BERLIN (AP) -- With the future of the euro in the balance, German lawmakers were expected Friday to approve the massive rescue deal to save the common currency and contain the debt crisis -- a signal that the finance minister said was needed to reassure jittery markets.
Both houses of parliament were scheduled to vote on the euro750 billion (nearly $1 trillion) package drawn up two weeks ago and Chancellor Angela Merkel's center-right government currently holds a majority in each.
Germany, Europe's biggest economy, is to contribute between euro123 billion and euro147.6 billion in loan guarantees.

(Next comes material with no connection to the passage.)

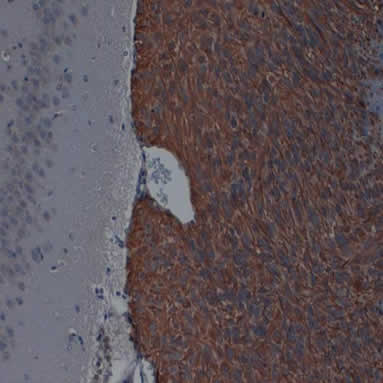 Immunohistochemistry (Formalin/PFA-fixed paraffin-embedded sections) analysis of xenograft tumor cells labelling Nestin with ab18102.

It comes hard of the heels of a separate package to rescue Greece -- which was already unpopular, given that Germans dislike the idea of paying for others' financial missteps.
"We have to put into effect what we have agreed, because markets will only trust when it is actually in effect," Finance Minister Wolfgang Schaeuble told lawmakers. "The reality is that the markets look more at Germany than at Cyprus or Malta ... so it is right, in order to win markets' confidence, that we decide so quickly."
Merkel had called for lawmakers' approval on Wednesday, declaring that "if the euro fails, then Europe fails." "We are not doing this out of generosity toward others; we are doing this in our own best national interest," Schaeuble said. "And this national interest means remaining integrated into a Europe growing further together."
Nearly two-thirds of German exports go to other eurozone countries, and "if we didn't have the common currency, we would have much less economic potential, less prosperity and less social security," he added.